The Discourses of Sir Joshua Reynolds. Discourse VI.

indigo

One of my recent oil paint purchases was a tube of Winsor & Newton Indigo.

I wasn't quite sure what I expected, but I knew from their literature and website that the paint would be a mixture of blue and black pigments.

The original indigo was named after the blue dye pigment obtained from the plant Indigofera Tinctoria. The cut plant was soaked and fermented in large vats, and its dark precipitate skimmed, strained, pressed, and dried into cakes of indigo pigment. 



Indigo, several hundred years ago, was better than the other blue pigments that painters had at their disposal, which, though they produced brighter blues, had their drawbacks. Ultramarine was expensive, as was greenish blue azurite. While smalt and blue verditer were cheaper, both offered limited tinting strength and hiding power. Both azurite and smalt could only be used when coarsely ground, which made paint of these pigments hard to handle in oil.

In comparison, indigo had better covering power and tinting strength, and was used in easel painting from the middle ages onwards.
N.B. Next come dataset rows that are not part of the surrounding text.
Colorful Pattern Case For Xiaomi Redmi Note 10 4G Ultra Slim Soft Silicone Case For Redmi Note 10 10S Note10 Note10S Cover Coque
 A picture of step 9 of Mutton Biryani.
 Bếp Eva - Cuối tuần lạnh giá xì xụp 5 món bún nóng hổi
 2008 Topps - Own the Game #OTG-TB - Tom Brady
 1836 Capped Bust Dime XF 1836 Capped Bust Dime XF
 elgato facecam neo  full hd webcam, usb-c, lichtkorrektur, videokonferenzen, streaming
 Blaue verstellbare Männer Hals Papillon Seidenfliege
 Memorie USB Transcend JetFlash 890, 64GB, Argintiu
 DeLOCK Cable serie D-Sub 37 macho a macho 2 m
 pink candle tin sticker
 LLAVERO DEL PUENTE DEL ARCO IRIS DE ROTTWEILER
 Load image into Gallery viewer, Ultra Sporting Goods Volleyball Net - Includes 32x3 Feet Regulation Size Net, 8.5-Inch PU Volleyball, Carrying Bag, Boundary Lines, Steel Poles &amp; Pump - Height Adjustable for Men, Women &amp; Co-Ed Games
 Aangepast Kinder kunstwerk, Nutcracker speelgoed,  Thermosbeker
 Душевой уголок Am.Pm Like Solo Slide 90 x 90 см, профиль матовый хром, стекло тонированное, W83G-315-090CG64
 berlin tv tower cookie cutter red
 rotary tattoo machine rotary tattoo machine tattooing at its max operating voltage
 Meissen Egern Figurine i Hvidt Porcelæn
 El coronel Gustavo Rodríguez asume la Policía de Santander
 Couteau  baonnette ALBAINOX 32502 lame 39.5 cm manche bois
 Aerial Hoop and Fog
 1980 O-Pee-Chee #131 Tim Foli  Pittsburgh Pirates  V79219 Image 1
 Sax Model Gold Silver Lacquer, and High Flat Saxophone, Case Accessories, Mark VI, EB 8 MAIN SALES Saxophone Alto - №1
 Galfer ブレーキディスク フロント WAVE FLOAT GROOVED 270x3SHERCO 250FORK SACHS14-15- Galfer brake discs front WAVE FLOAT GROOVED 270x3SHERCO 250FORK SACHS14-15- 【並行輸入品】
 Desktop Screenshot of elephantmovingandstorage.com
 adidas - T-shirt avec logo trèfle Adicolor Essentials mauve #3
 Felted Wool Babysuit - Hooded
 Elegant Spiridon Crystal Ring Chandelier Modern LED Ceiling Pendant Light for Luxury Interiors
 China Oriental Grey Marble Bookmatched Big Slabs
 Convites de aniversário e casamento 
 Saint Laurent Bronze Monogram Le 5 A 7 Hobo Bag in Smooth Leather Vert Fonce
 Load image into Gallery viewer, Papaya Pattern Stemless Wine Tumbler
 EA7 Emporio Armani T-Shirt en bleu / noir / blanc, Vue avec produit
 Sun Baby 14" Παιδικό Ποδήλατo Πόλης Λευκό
Sadly, it sometimes tended to fade rapidly if exposed to sunlight, as this interesting dissertation by M.H. van Eikema Hommes reveals. If you're determined to use genuine indigo, and you've a mind to grind your own paint, you can still buy it online.

Sir Isaac Newton added indigo to his spectrum, declaring it to lie between blue and violet, in an effort to maintain a conceptual connection between the colours of the spectrum and the seven notes of the musical scale. Modern colour scientists, along with the rest of us who have eyes, are somewhat sceptical that Newton's indigo exists at all, and generally call any wavelength in the 450nM region violet.


Indigo, then, is not so much a colour as a blurry notion of a colour. I have a dim memory of reading Graham Joyce's novel of the same name, which describes seeing indigo in the evening sky, through the skylight of an atrium in a particular building in Chicago, which seems to be an awful lot of trouble to go to. Just to add to the merry confusion that is colour naming, there are new varieties of indigo, each with their own definition. Electric indigo, for example, is the name given to a particular shade, which has the following painting package colour codes:

#6F00FF in hex
(111,0,255) in sRGB
(57,100,0,0) in CMYK





Winsor & Newton Indigo doesn't look like that, and it won't fade like the old indigo pigment. Made from a Pthalo blue, Ultramarine blue, and Carbon black pigments, it looks, obviously, like a blueish black. Mixed with white, it gives a range of lovely blue greys which work well on snow scenes, and one of which was the precise shade I saw from outside my back door just half an hour ago, in the swollen underside of a raincloud. 





It's a very nice colour. I'm going to be actively looking for excuses to use it.